> One maybe naive question though: the EntityCache cannot be trusted as a
> regular Cache implementation, and all valid cache lookups must be preceded
> by a database query.  Doesn't it mean that the EntityCache brings none of
> the benefits one could reasonably expect from a cache but all of its
> downside (eviction concerns, staleness, memory usage)?


Right, perhaps the class itself should be renamed, as it doesn't exactly
function as "pure" cache in the traditional sense where one might either
need staleness and cross-server decoherence tolerance, or else distributed
active-invalidation on write-through.

Instead, the behavior is more similar to something like "Freshness-aware
table loading" in Iceberg https://github.com/apache/iceberg/pull/11946

The main gains come from:

1. Lookup of entityVersions/grantRecordsVersions is more efficient than
fetching entire entities and their grants
    -Version lookups are uniformly sized records, so planning batches of
these is easy, compared to entity contents where the sizes are
user-dependent
    -Especially grant lookup will involve a range scan unless someone
implements grants as modifying a single monolithic "list" record
2. Lookup of entityVersions/grantRecordsVersions has batch APIs in
MetaStoreManager (we could also have bulk lookups of ResolvedPolarisEntity,
but this again relates to request-sizing issues of small uniform-sized
records vs large heterogeneous ones)

nit: Isn't it rather that correctness is not needed by the Resolver code?
>
> Because in my opinion, reworking the EntityCache is the only way to get
> correctness. Either using an IndexedCache or a Cache+HashBiMap, as
> currently is in https://github.com/apache/polaris/pull/1339.

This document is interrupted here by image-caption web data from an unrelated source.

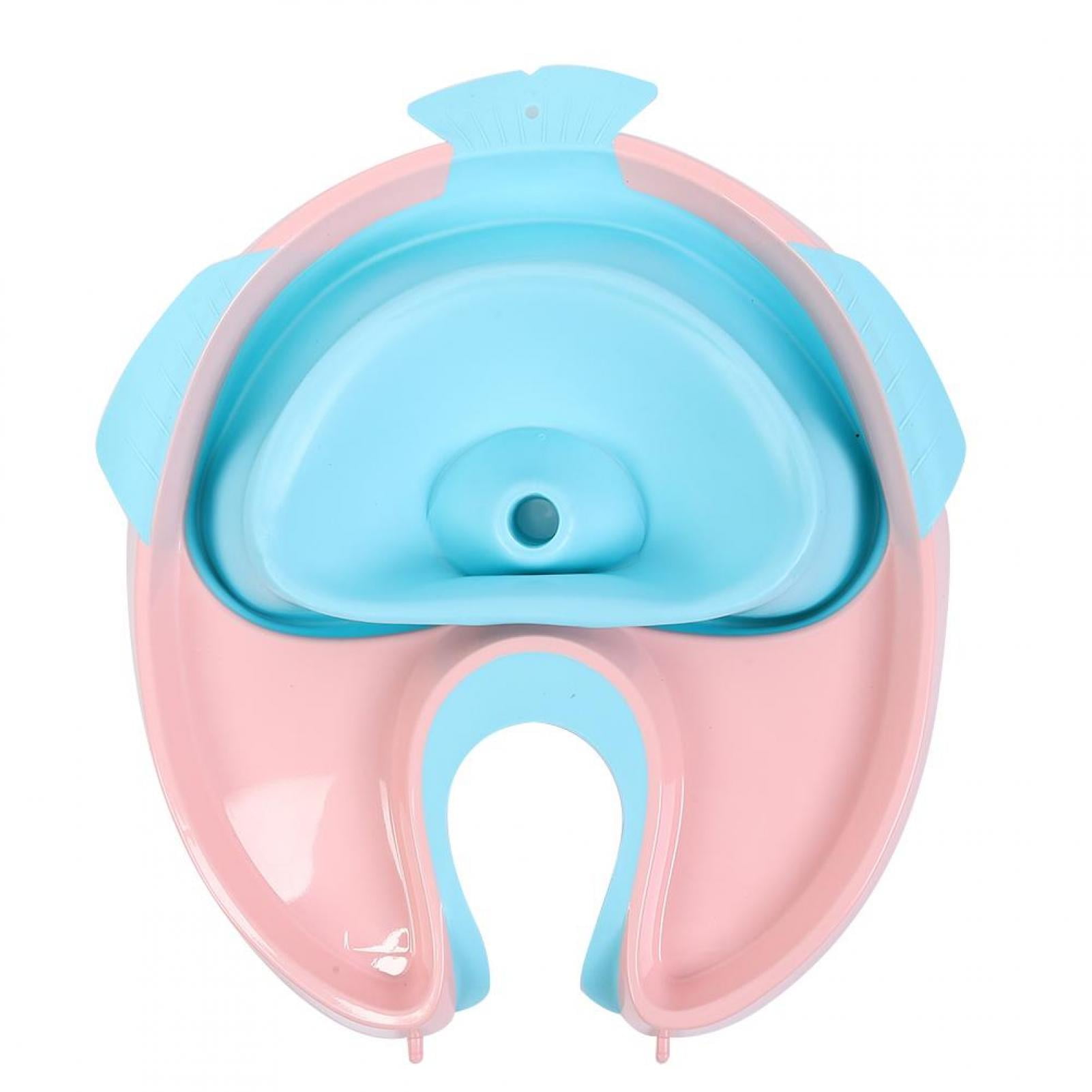 Zaqw Shampoo Basin Household Hair Washing Basin Tray For Pregnant Women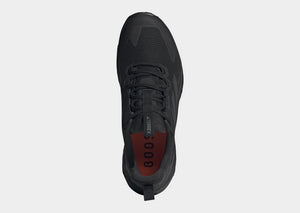 Adidas Terrex Terrex Free Hiker 2.0 Low Gore-Tex Hiking Shoes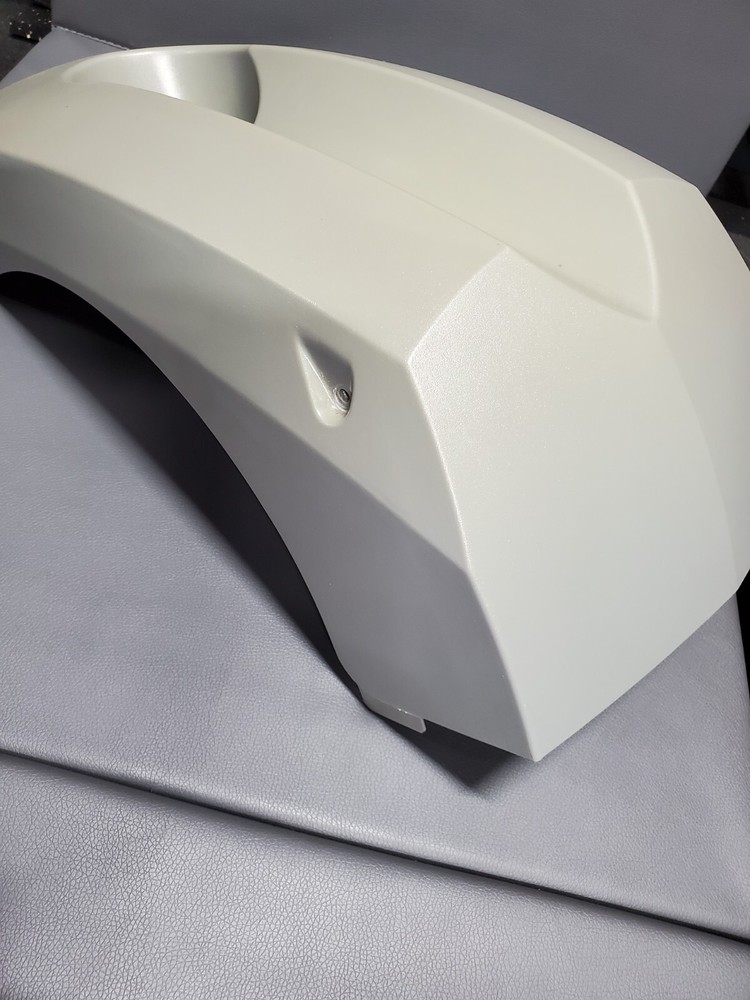 Bowflex Revolution Top Cover Shroud OEM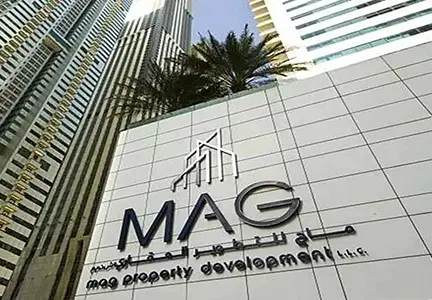 Why Invest In MAG Properties?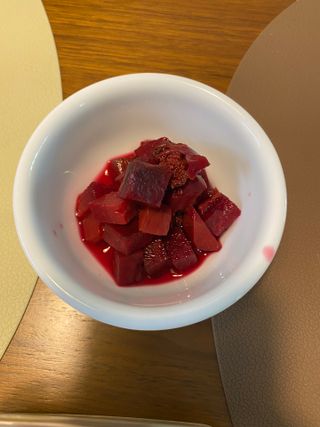 삼김조아조아님이 올린 리뷰 사진 3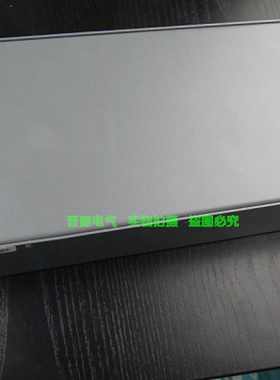 24V 20.8A PFC开关电源 高效率PFC开关电源 JEE500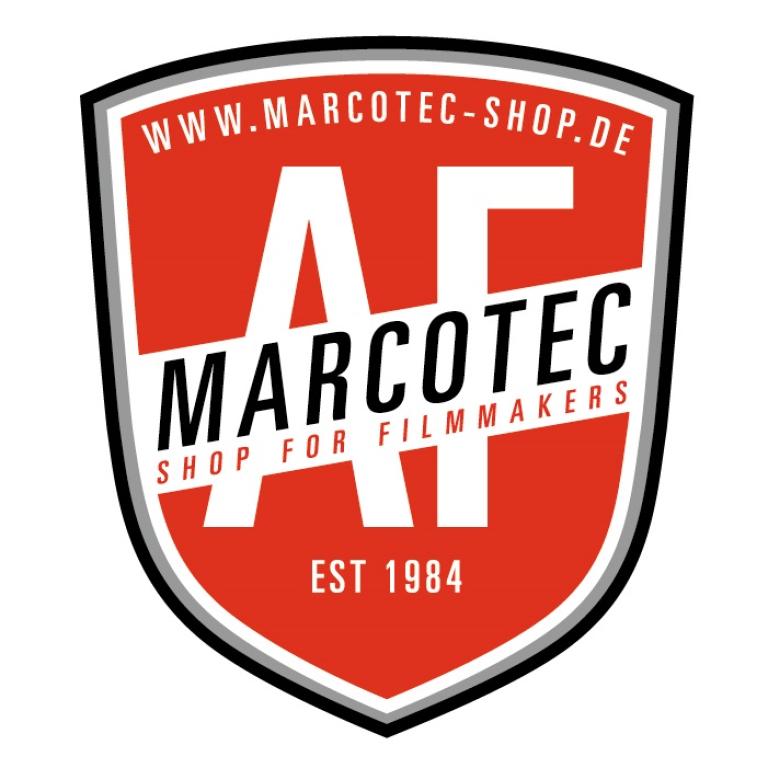 AF Marcotec Logo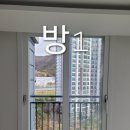 세븐일레븐울산매곡메르디앙점 | 울산 북구 매곡 월드메르디앙 리모델링 청소 및 외창 클리어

I think the main distinction is between what behaviors are explicitly
documented in the interface vs which are implicit assumptions that may or
may not be true.

For example, the original EntityCache doesn't make any explicit claims
about monotonicity of versions from multiple calls of the same "get"
methods, or consistency beween byId/byName lookups. But perhaps the method
names inadvertently imply such things. And of course, it's not obvious to
the reader of the code *why* the weaker guarantees are used along with
other mechanisms (e.g. loadEntitiesChangeTracking) to achieve system-level
"correctness".

If we do tighten up the semantics of the cache though it's worth also
assessing the intended use cases that plan to depend on those semantics to
see if there are broader problems. In particular, the
loadEntitiesChangeTracking flow in the Resolver may become important for
getting a "snapshot read" behavior once we tighten up consistency of
hierarchical policies and grants that are inherited through the parent
namespace hierarchy.

If there are objections to [1339], I believe we can still clarify the
> situation by refactoring the cache code to avoid any doubt that it is used
> only within the Resolver calls paths. Perhaps we could rename it to
> ResolverCache and make it a single-purpose class without a public
> interface... These are just some ideas, I have not given this option a lot
> of thought yet as I personally prefer fixing the cache class [1339].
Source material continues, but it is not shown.